By Joan Smith

Over the last three years, 13,000 hospital operations have been cancelled in the hospital boards across Wales. More than 9,000 of these are down to bed shortages.The number of operations cancelled due to lack of staff rose from 1,125 to 1,628 over the same period.

The Welsh government is trying to wash its hands of any responsibility by saying that a high-proportion of cancellations are done by patients themselves and sometimes it will be necessary for a hospital to cancel an operation for justifiable and professional clinical reasons. In fact a majority of these cancellations have caused by the erosion of NHS services in Wales due to slashing of funds.

A Welsh government spokesman hypocritically said, “We are committed to reducing the number of cancelled operations across Wales.”

But one should explain how cutting £660 million by the Labour-led administration in Wales over the last three years could help to reduce the number of cancellations.

There has been a 72 percent increase in cancellations due to bed shortages since 2010/2011, with Cardiff and Vale University Health Board’s cancellations almost hitting 4,500.

According to one source, Labour led governments have cut down more than 2,000 beds in Wales over the last decade.
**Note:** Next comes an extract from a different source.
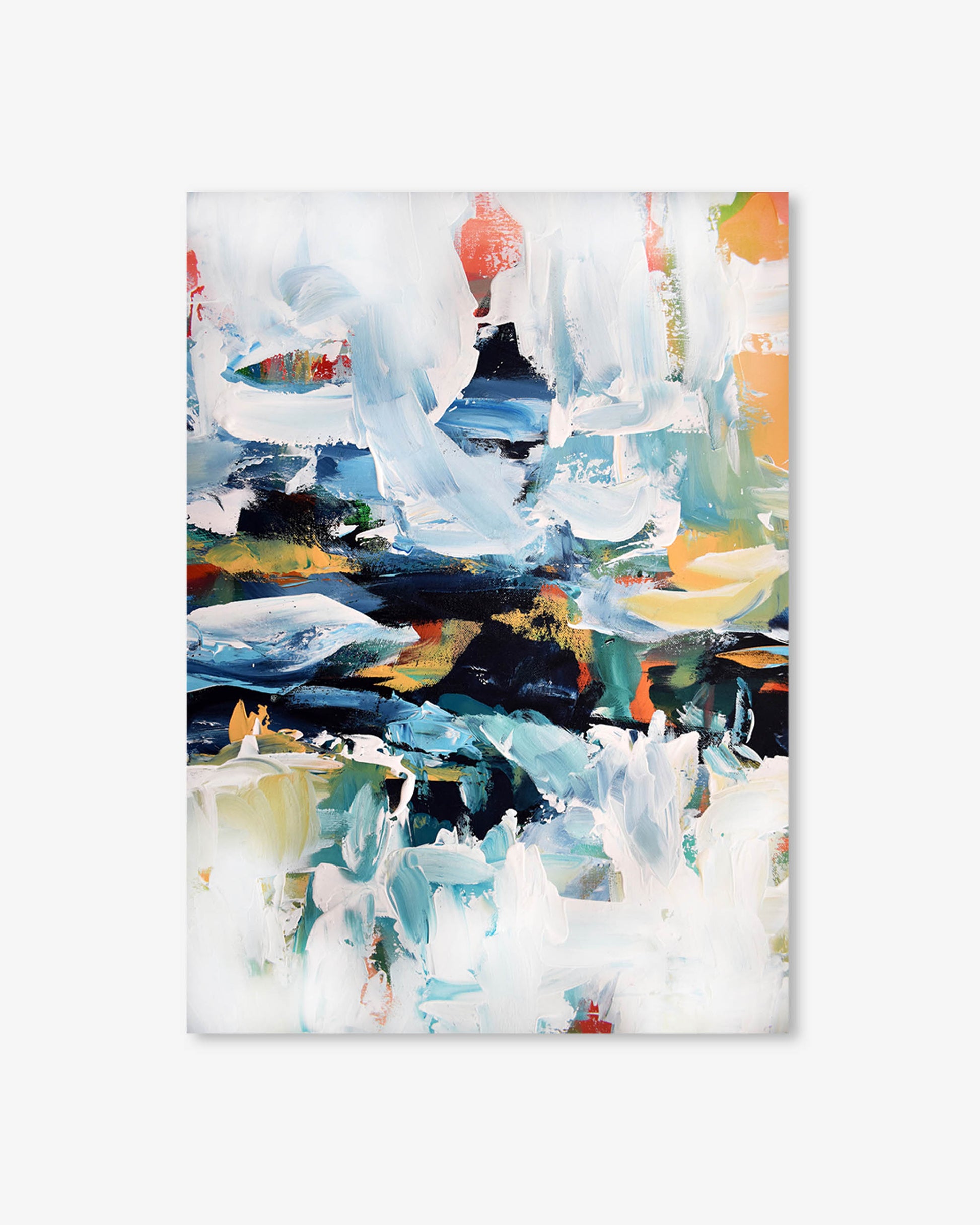 Abstract art print with a mix of blue, white, orange, and black on a white background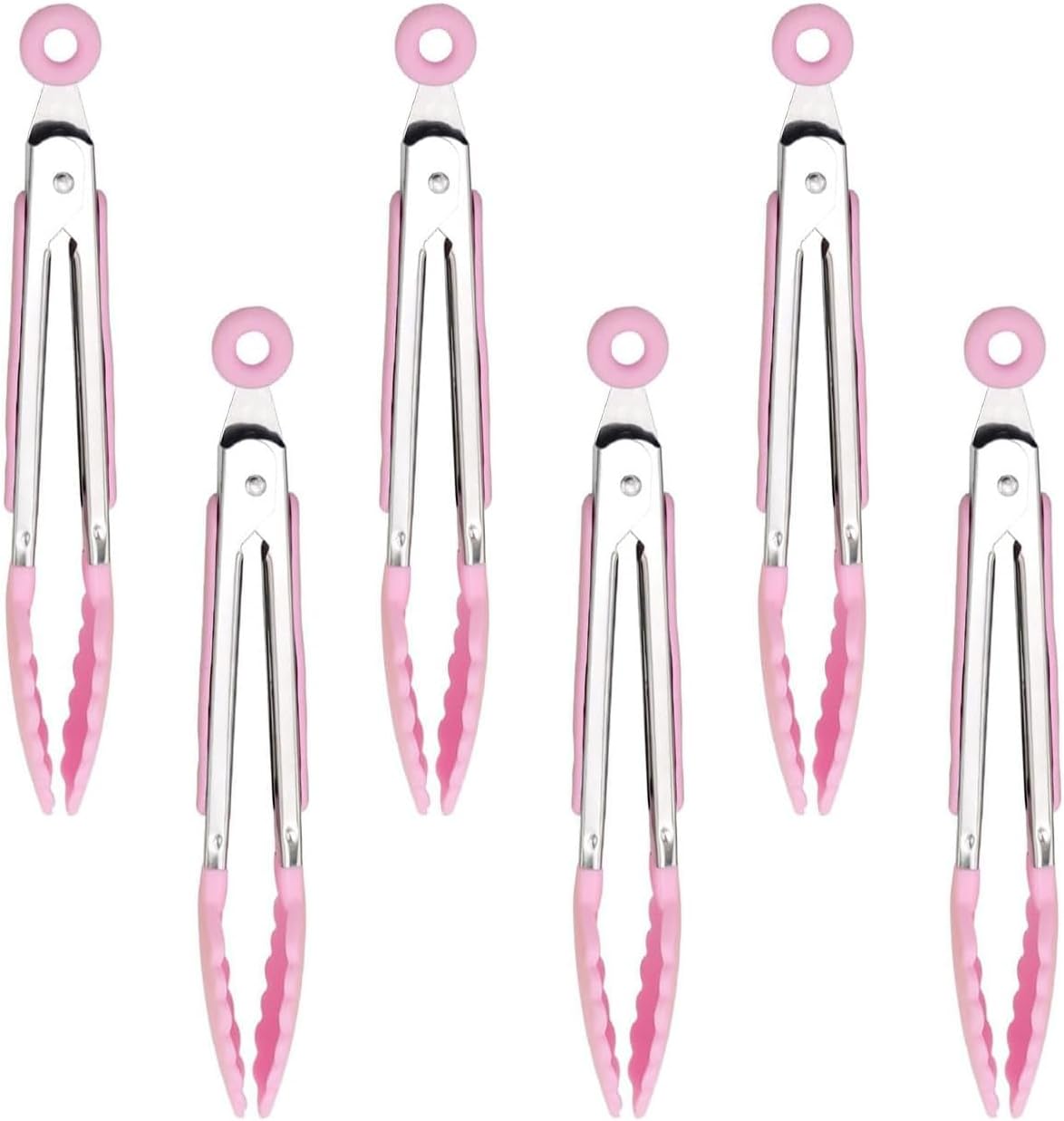 6 Piece 8-Inch Mini Serving Tongs for Cooking, Stainless Steel Locking Tong with Silicone Tips, Heat Resistant Grilling Barbeque Kitchen Food Tongs for Nonstick Cooking Pans (Pink)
These attacks on NHS carried out by the Welsh administration, in line with their Conservative and Liberal Democrat counterparts in Westminster, are aimed at dismantling NHS services and privatising them. They are not only creating problems in surgical interventions but having a critical impact on services across the board.

Eleven percent of patients admitted to Accident and Emergency care facilities in Wales have not been treated, admitted to wards or discharged less than a four hour period despite the UK legislation stipulates that 95 percent should be.

After visiting the Cardiff and Vale University Health Board, one of the largest in Wales, a panel of professionals of the Royal College of Surgeons (RCS) described the situation:

“The Accident and Emergency (A&E) department was failing to cope with the constant influx of patients. This is an infrastructure failure. For instance there are only three resuscitation bays and patients are often stacked up in corridors and ambulances. There are staffing issues in terms of a timely attending to patients.”

The RCS revealed that due to long waiting lists many patients had deteriorated or died before reaching surgery. The report showed that due to the gutting of NHS services, cheaper and less effective methods had been used to treat patients in place of surgery and that beds have been closed in order to save money.

Correspondence between the RCS and the Health inspectorate of Wales revealed that 152 patients had died in the last five years while waiting for heart surgery.  Those who need heart surgery are meant to be treated within 26 weeks.

NHS Executive David Sissling insisted that the bed shortages were down to “unprecedented pressures” during the winter months. He was responding to a Wales Audit Office report that said that health boards had taken unsustainable measures to meet their financial targets.

A report by the Auditor General last week highlighted the deterioration of A&E services across Wales caused by the backlog of patients in hospitals. Many patients, especially elderly, are left waiting in A&E for up to 12 hours.